Katolicy na ulicy

Justyna Liptak Justyna Liptak

publikacja 31.05.2018 20:38

Katolickie Stowarzyszenie Gdańskiej Szkoły Nowej Ewangelizacji "Jezus żyje" po raz kolejny zaprosiło na ewangelizacyjną imprezę.

W Gdańsku zagościł Boży raban, poza kościelnymi murami W Gdańsku zagościł Boży raban, poza kościelnymi murami
Justyna Liptak /Foto Gość

Akcja "Katolicy na ulicy" na stałe wpisała się w kalendarz trójmiejskiego życia kulturalnego i obchodów Bożego Ciała w Gdańsku.

Główne przesłanie tegorocznego spotkania dotyczyło pokoju.
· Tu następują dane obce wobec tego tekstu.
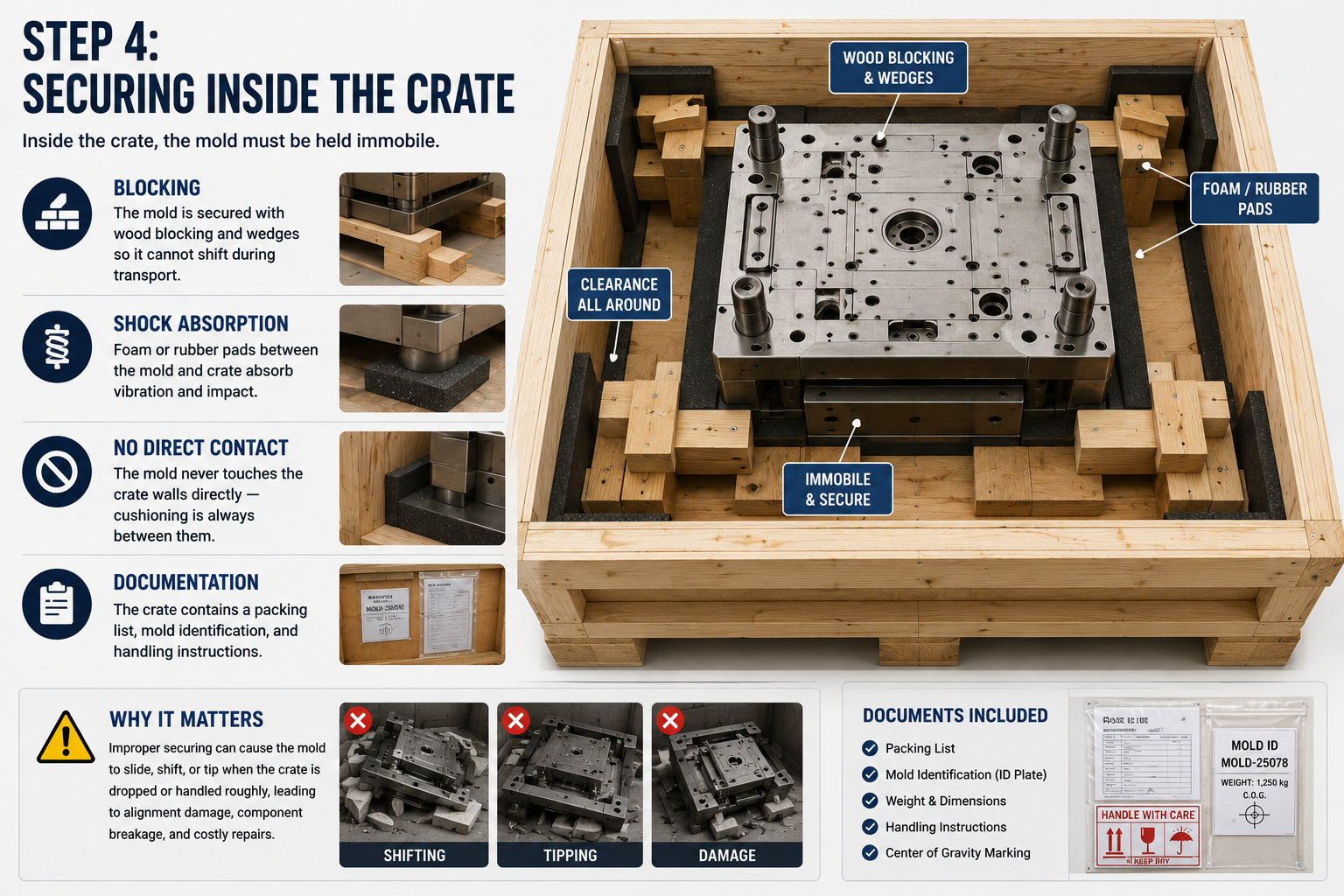 Mold secured inside crate with blocking and cushioning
Stąd hasło: "Jezus Chrystus - pokój bez granic".

- Chcemy, powiedzieć wszystkim głośno, że Chrystus, który przychodzi do współczesnego człowieka, nie chce go potępić, ale dać mu swój pokój i go zbawić - mówi ks. Zbigniew Wądrzyk, dyrektor gdańskiej SNE i koordynator akcji.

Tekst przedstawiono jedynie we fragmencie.